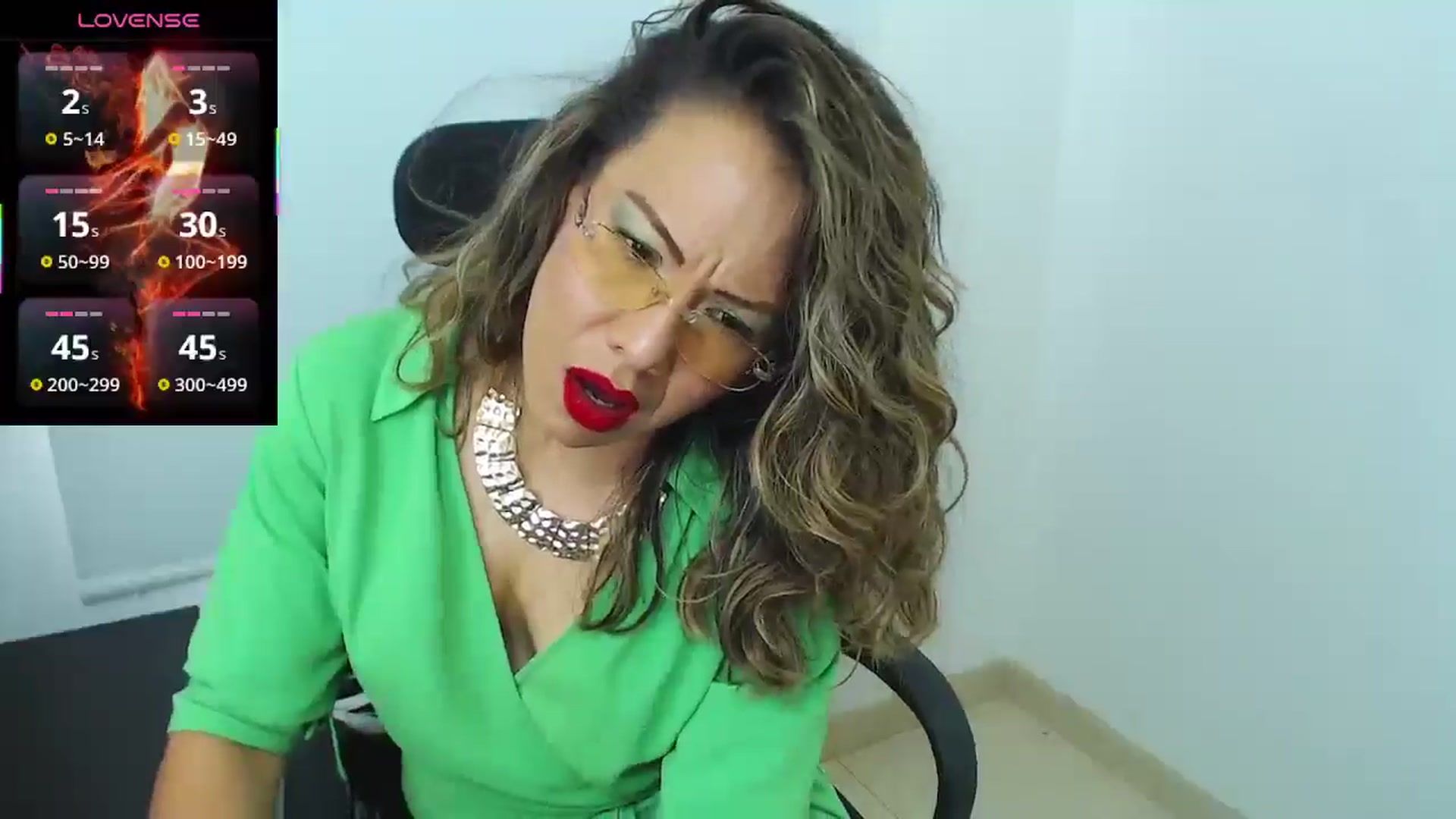 Gallery image thumbnail from office_secret's myfreecams stream on, 06/09/2025, 18:46 image 13 of 20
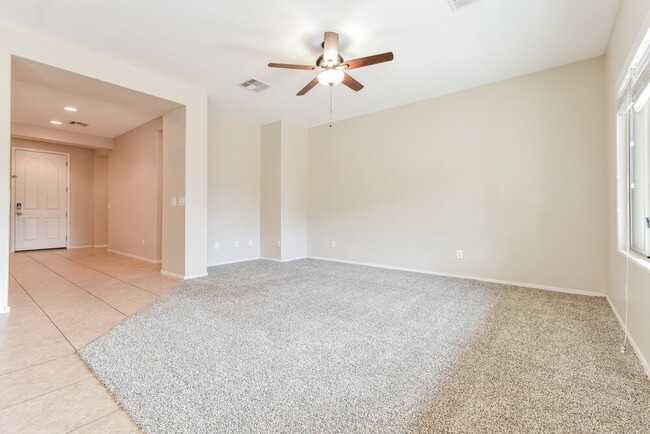 Photo - 15629 W MacKenzie Dr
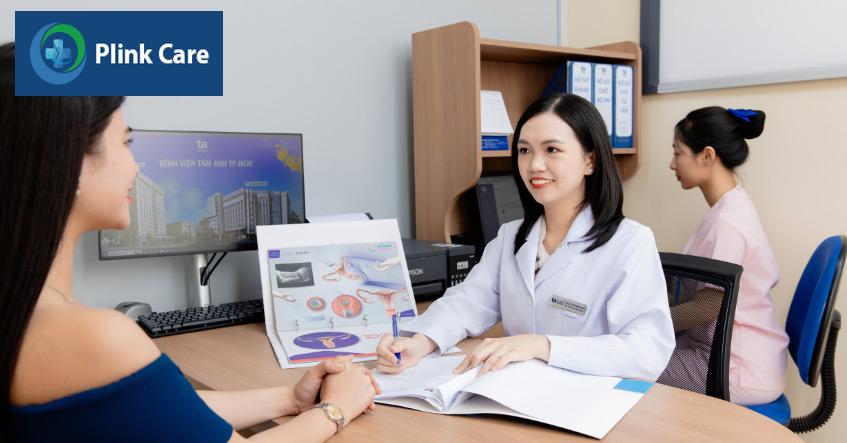 ThS.BS Huỳnh Kha tư vấn bệnh nhân về quy trình làm thụ tinh trong ống nghiệm tại IVF Tâm Anh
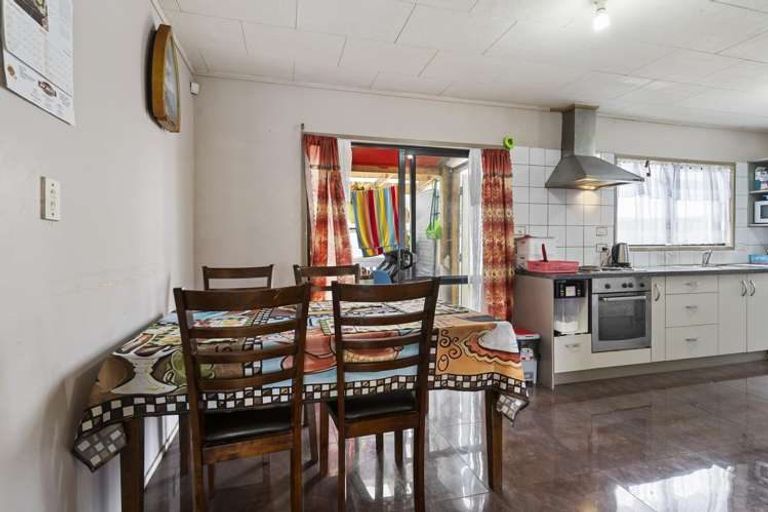 Photo of property in 10 Kopu Place, Clendon Park, Auckland, 2103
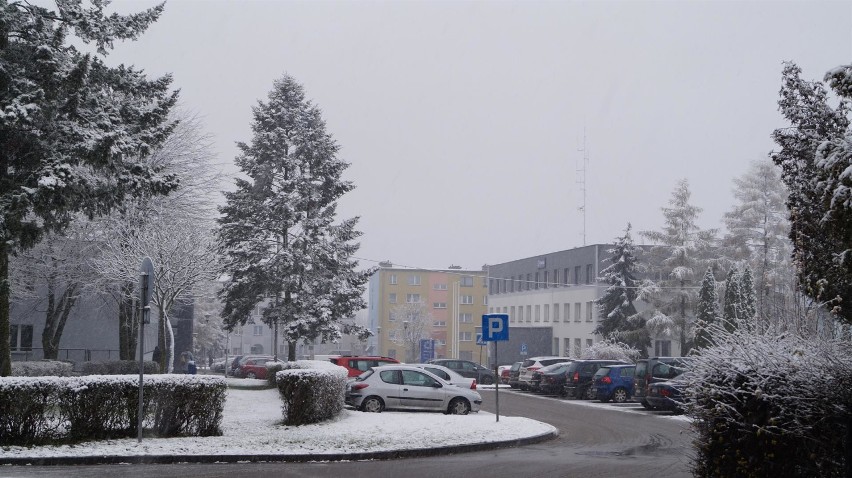 Zima zawitała do powiatu kłobuckiego. Bądźcie ostrożni [FOTO]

- _Exercise prompt_:
Print out the complete listing above exactly, dropping each image.

- _Solution below_:
 Gallery image thumbnail from office_secret's myfreecams stream on, 06/09/2025, 18:46 image 13 of 20
 Photo - 15629 W MacKenzie Dr
 ThS.BS Huỳnh Kha tư vấn bệnh nhân về quy trình làm thụ tinh trong ống nghiệm tại IVF Tâm Anh
 Photo of property in 10 Kopu Place, Clendon Park, Auckland, 2103
 Zima zawitała do powiatu kłobuckiego. Bądźcie ostrożni [FOTO]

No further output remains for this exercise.